• **The task**
There are pictures in the records below; leave them out and set down exactly the lines from the one holding "Hi guys! Here" through the one holding "With a new garden".

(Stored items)
:::::

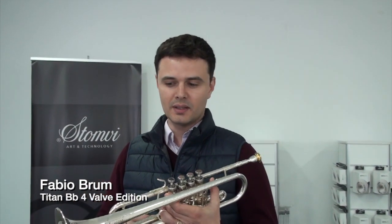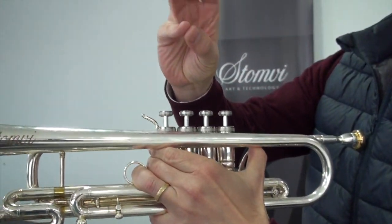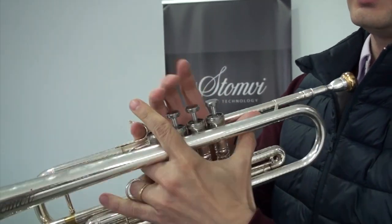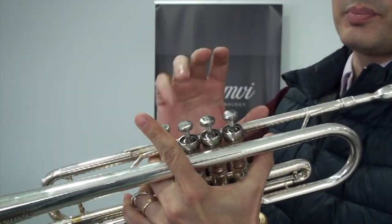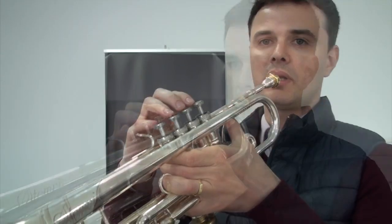Basically, there are two different ways you can hold it. You can hold the instrument — I hold both ways depending on what I'm playing. One of them is just to have your fingers like that and you can use your pinky on your right hand to play the fourth valve. The other one is to hold with this finger up here, so you're not using your pinky, you're using this finger of the other hand.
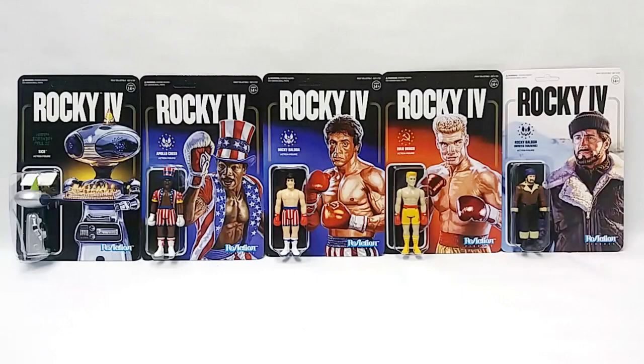Hello Toy Collectors and Youtubers, this is FilmSchool93 with another Authentic Legends and Collectibles Toy Review. Today we'll be reviewing Super 7's Reaction Action figures from the 1985 movie Rocky IV, starring Sylvester Stallone, Carl Weathers, and Dolph Lundgren as the Russian Ivan Drago.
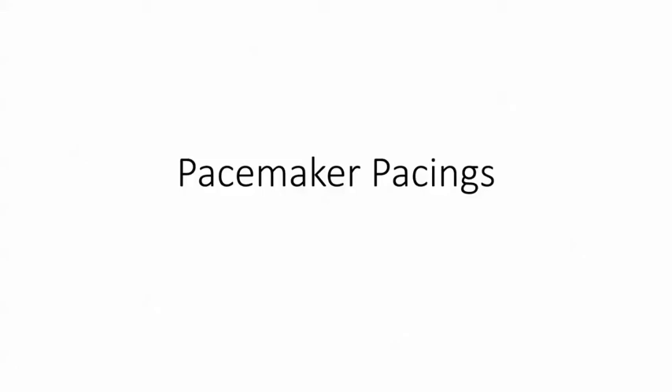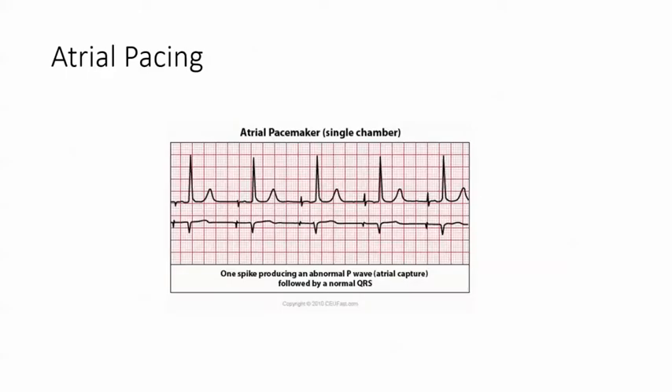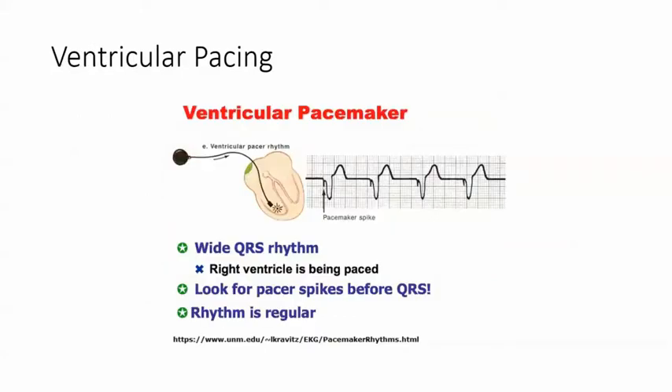In this video we're going to talk about the different pacings. Let's start off with atrial pacing — it's a single chamber pacemaker because the spike happens before the P wave. See how that happens here and here.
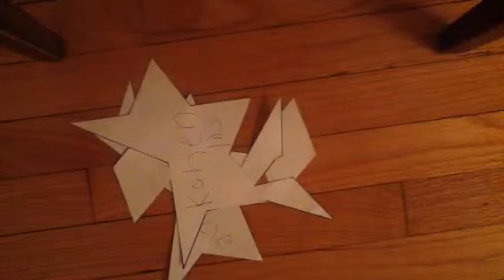So let's take this Yisrael for a minute, and we're going to cut it up along the blue lines, just like this. Then do the same with the other three pieces, and you're going to get a whole bunch of other pieces.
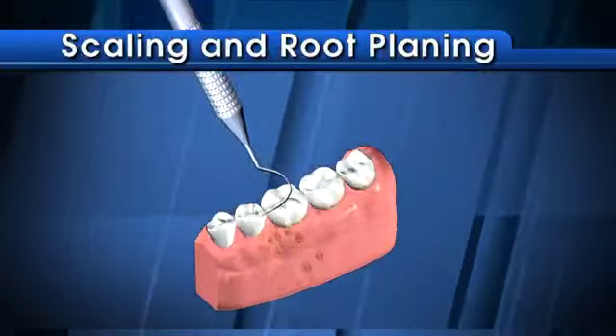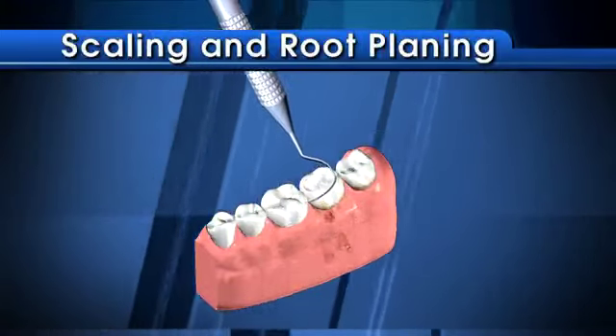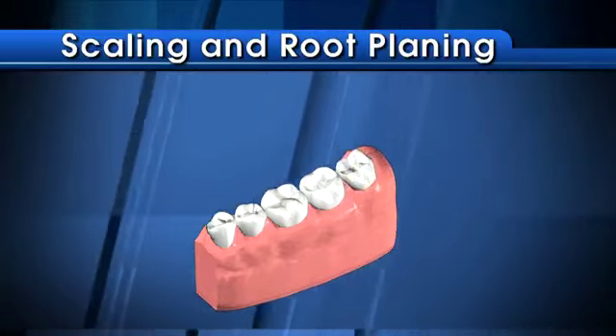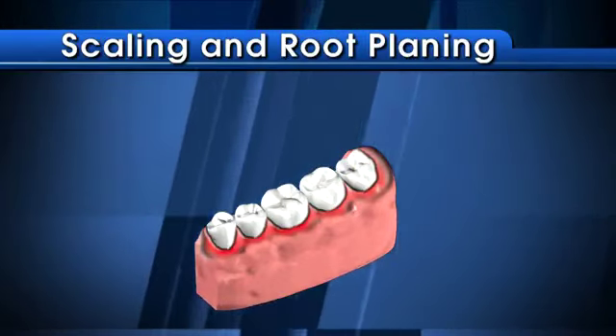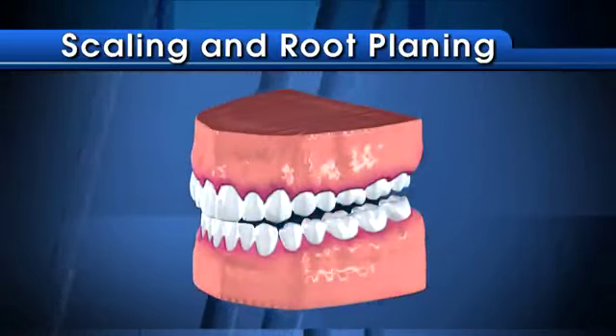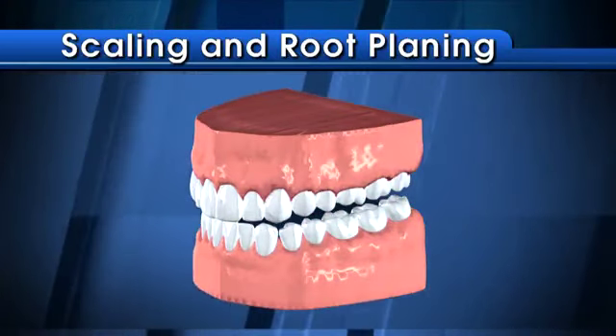This procedure may require a local anesthetic to reduce any discomfort. Next, your dentist or hygienist uses a manual or ultrasonic cleaning instrument to remove the plaque and tartar beneath the gum line. Then your tooth's root surfaces are planed and smoothed. This allows the gum tissue to properly heal and reattach itself to the tooth.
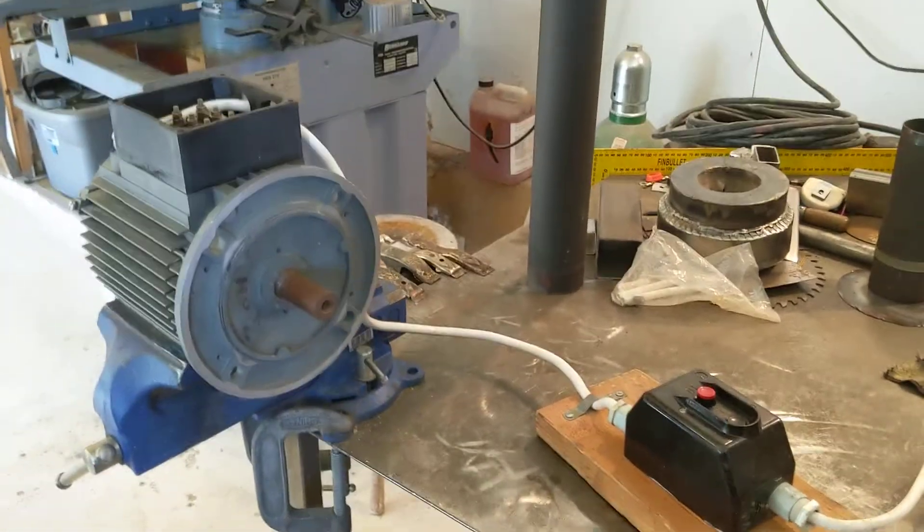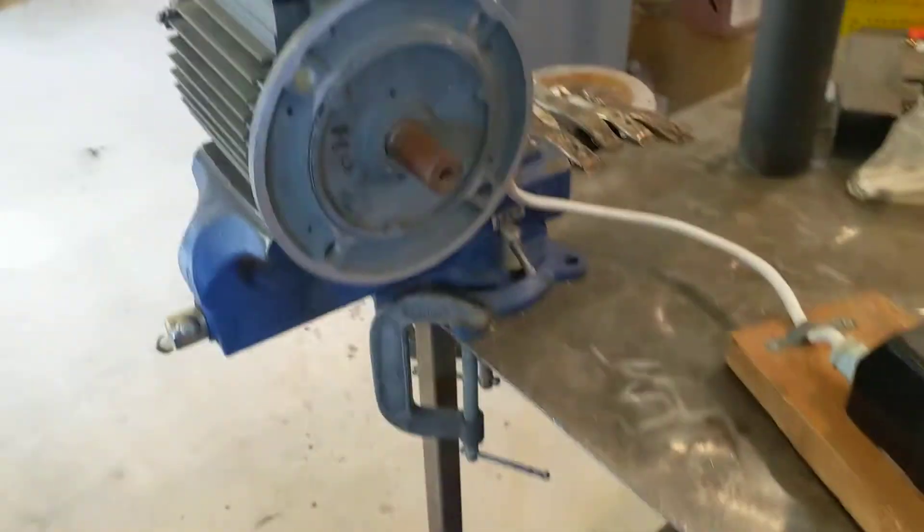So if you need a motor like this — if it'll fix your well pump or whatever — I don't know.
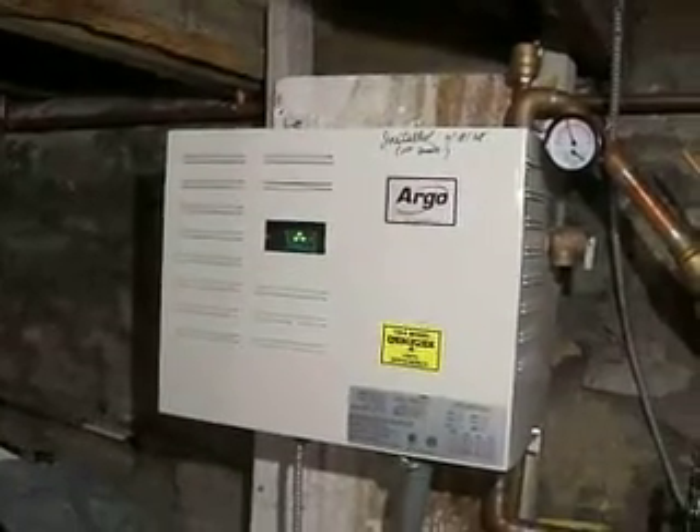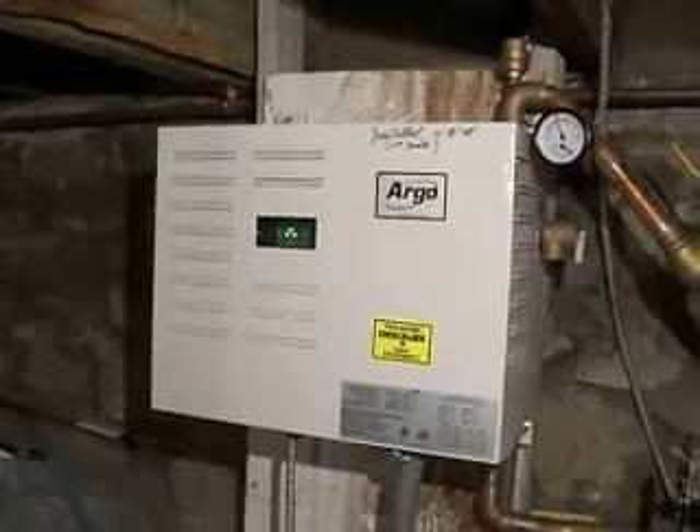There's the boiler I put in — September 18th. October, November, December, January — four months ago. Working trouble-free.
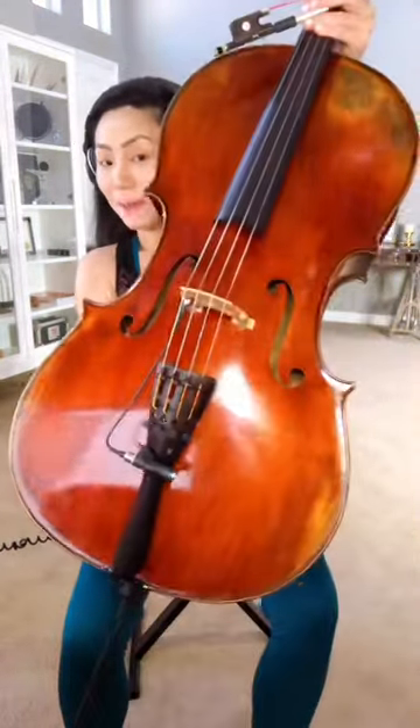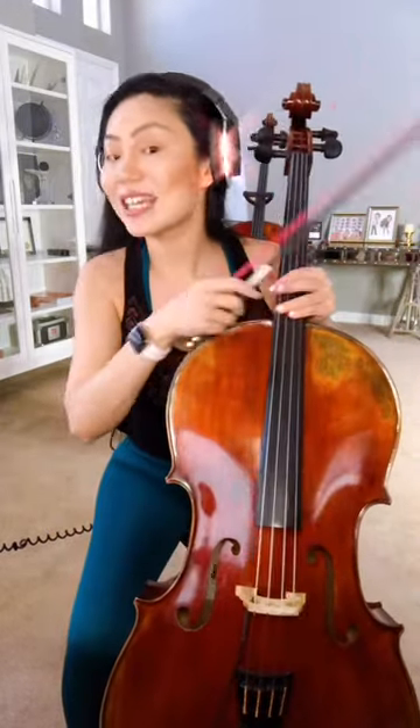Hi guys! Here is a live demo of the Model 600 cello from TinaGuoStrings.com. You can get it at TinaGuoStrings.com, as well as this awesome bow. We also have bows for violin and viola.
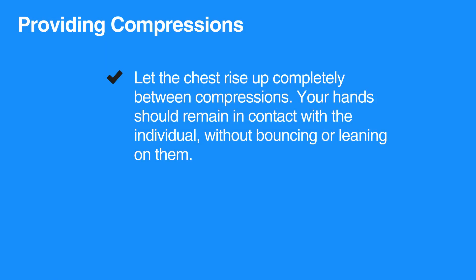Let the chest rise up completely between compressions. Your hands should remain in contact with the individual without bouncing or leaning on them.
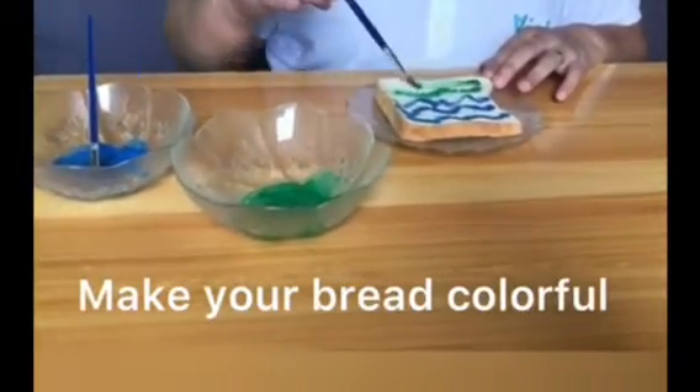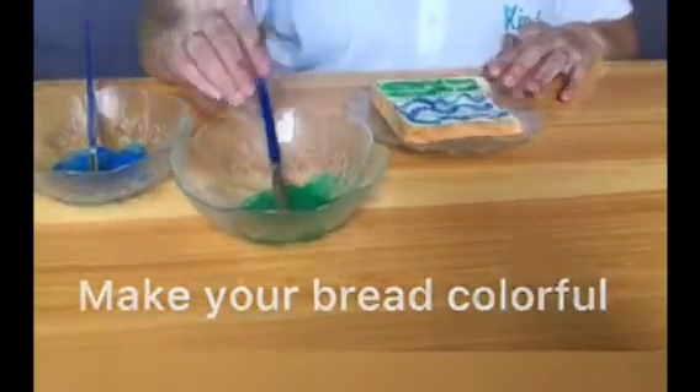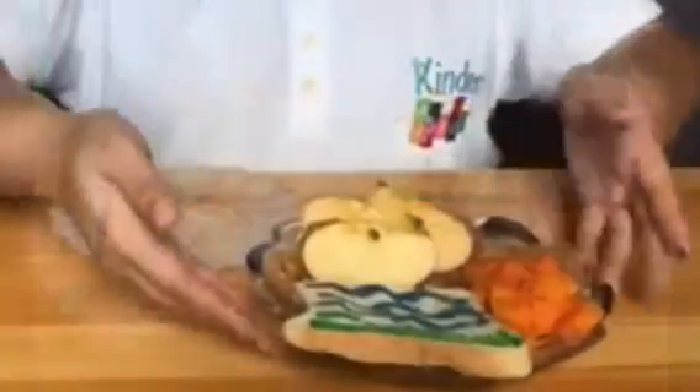This is a great meal prep activity to do with the kids, and you can do this to make meals more fun, colorful, and exciting. Thank you for watching!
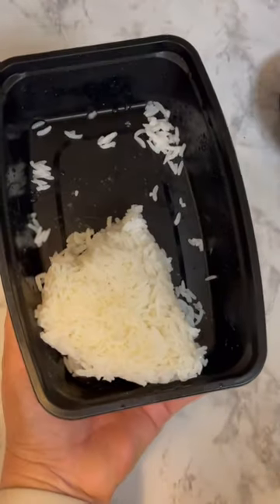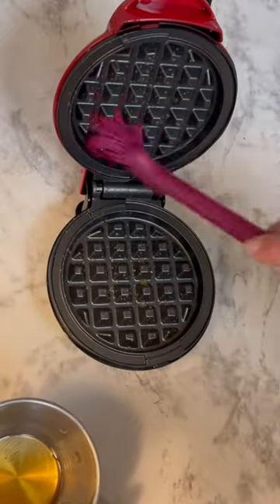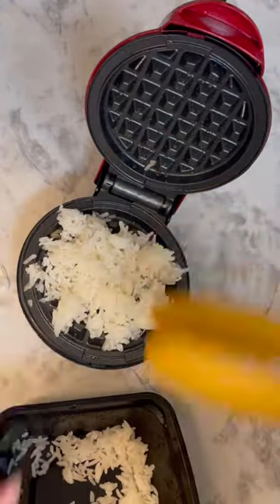I've got this leftover jasmine rice so of course I had to try the crispy rice in the waffle maker. I'm starting by adding some sesame oil to the pan so that my crispy rice cake will have lots of flavor. Then I mashed up my rice and added it in.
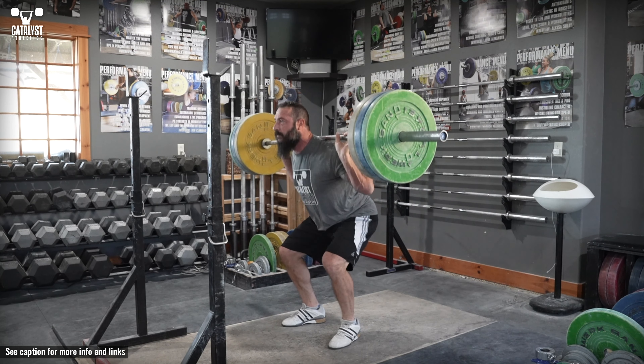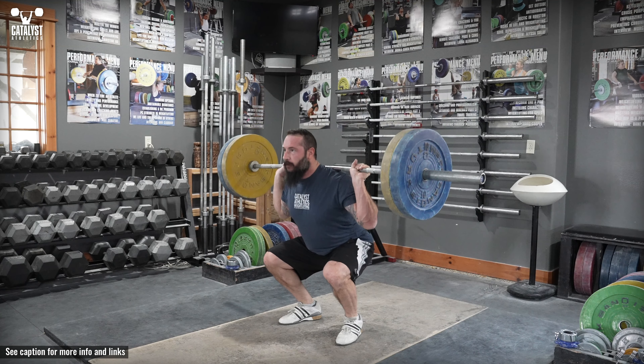Ensure your position is exactly as it would be at that point in any other squat. Don't sit the hips back farther or shift to the heels to make it easier.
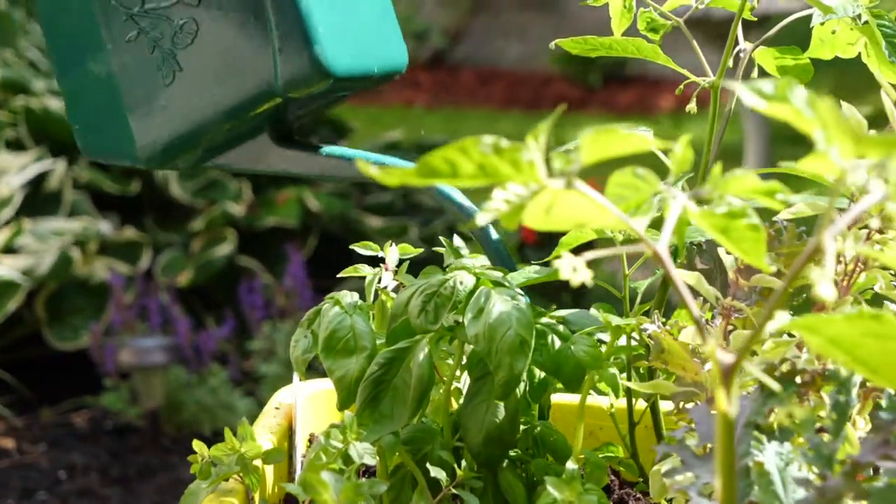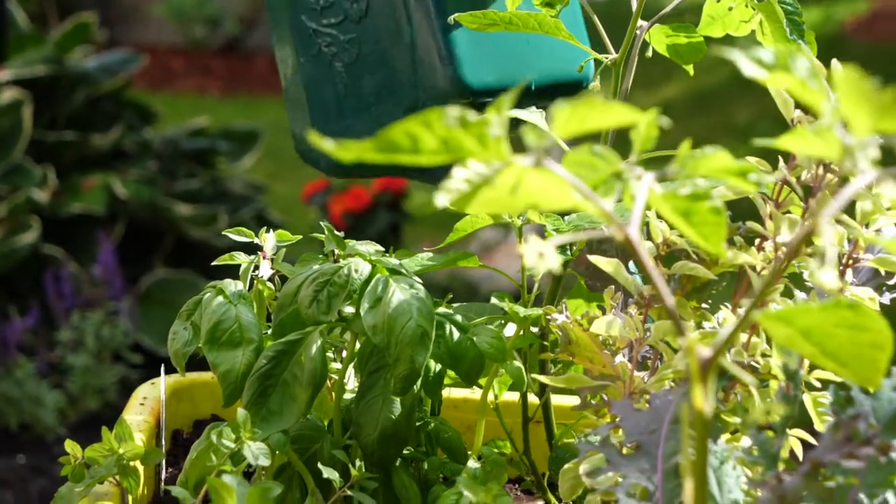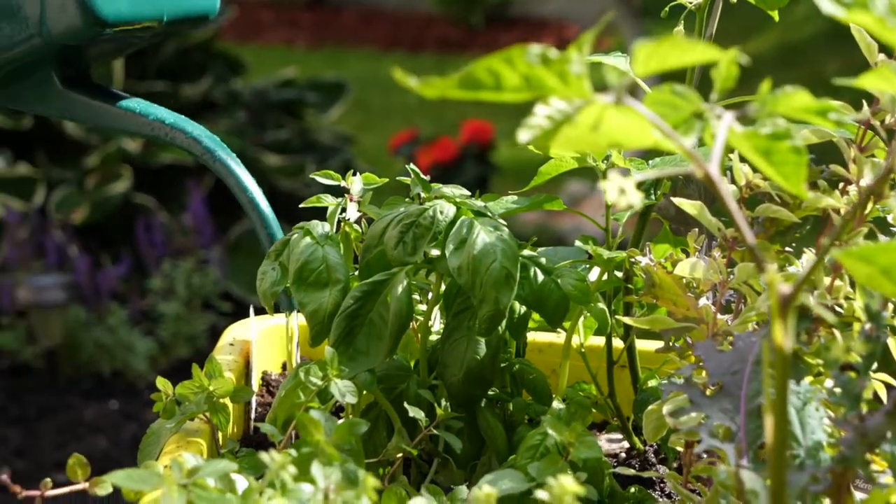With a new garden like this it's important to water every couple days, especially in the hot and dry weather. Thanks for watching, and if you want to learn more about your own herb and vegetable garden, click the link below.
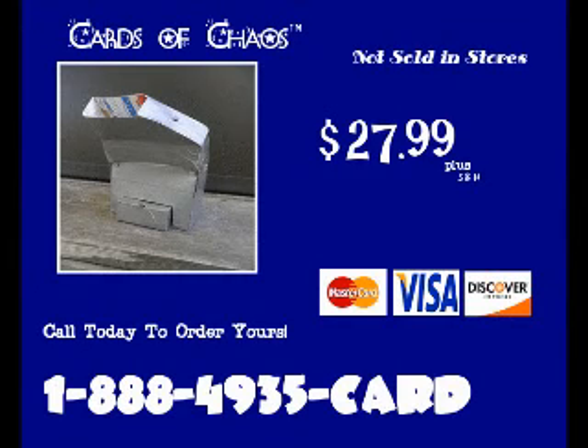Order yours today. It's not sold in stores, so call 1-888-4935-CARD to make a simple payment of $27.99.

:::::

• **Solution to the exercise**
Hi guys! Here is a live demo of the Model 600 cello from TinaGuoStrings.com. You can get it at TinaGuoStrings.com, as well as this awesome bow. We also have bows for violin and viola.
Let the chest rise up completely between compressions. Your hands should remain in contact with the individual without bouncing or leaning on them.
This is a great meal prep activity to do with the kids, and you can do this to make meals more fun, colorful, and exciting. Thank you for watching!
I've got this leftover jasmine rice so of course I had to try the crispy rice in the waffle maker. I'm starting by adding some sesame oil to the pan so that my crispy rice cake will have lots of flavor. Then I mashed up my rice and added it in.
Ensure your position is exactly as it would be at that point in any other squat. Don't sit the hips back farther or shift to the heels to make it easier.
With a new garden like this it's important to water every couple days, especially in the hot and dry weather. Thanks for watching, and if you want to learn more about your own herb and vegetable garden, click the link below.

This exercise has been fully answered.